Of course, as in 2008, a major problem with the financial system would have widespread consequences for the real economy – with air freight likely to be among the first sectors to show symptoms.
At first glance, the prospect of a new banking crisis seems counter-intuitive. Indeed, until recently, many investment managers had been betting on a rise in bank profits – and share prices.
In the immediate aftermath of recent developments, they have been scrambling, instead, to work out whether the problems with SVB and CS were idiosyncratic – to do with specific issues for those banks – or whether they might be systemic, which would signal a much bigger problem.
Some of the issues in both cases do seem specific. SVB, for instance, was very focused on the tech sector – and arguably a victim of its own success when tech boomed during the pandemic, dramatically boosting its deposit base.
SVB then got wrong-footed by the rapid, explosive rise in interest rates – which causes bond prices to fall – and inversion of the yield curve. With short-term rates to pay on its deposits rising well above longer-term earnings on its treasury bond holdings, SVB suddenly faced a classic liquidity mis-match – and an estimated $16bn of unrealised losses.

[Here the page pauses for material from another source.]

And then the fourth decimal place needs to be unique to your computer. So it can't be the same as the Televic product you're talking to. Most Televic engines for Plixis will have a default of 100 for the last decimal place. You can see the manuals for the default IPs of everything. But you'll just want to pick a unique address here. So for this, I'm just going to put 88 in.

It is quite likely that plenty of other US banks will have fallen into the same trap – though hopefully not to anything like the same extent.
In the case of Credit Suisse, its travails were ironic in various ways – not least as, back in 2008, it was one of the biggest beneficiaries of the financial crisis when hedge funds and other clients pulled business away from US investment banks like Lehman Brothers.

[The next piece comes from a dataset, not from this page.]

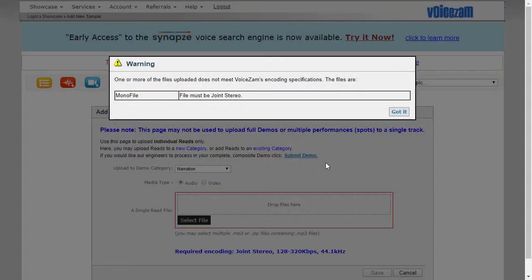If you try to add an audio media file into VoiceSam and receive the message 'file must be joint stereo,' it means that your file is currently in mono. I'm going to show you how to fix that.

But CS squandered that windfall over the following years with a long series of mis-steps, including massive losses on trading with Archegos, a family office run by former Tiger Asia hedge fund manager Bill Hwang.
In the aftermath, it is not surprising market attention has turned to other banks that were also beneficiaries of 2008, such as Deutsche Bank. Following the CS debacle, the share prices of Deutsche, UBS and others wobbled as investor confidence was shaken.
That said, it should be stressed that risk management, capital requirements and regulatory controls are undoubtedly much tougher now for banks than they were pre-2008.
Only time will tell, and problems at other banks may emerge. But this time we should be far from facing such a huge systemic problem.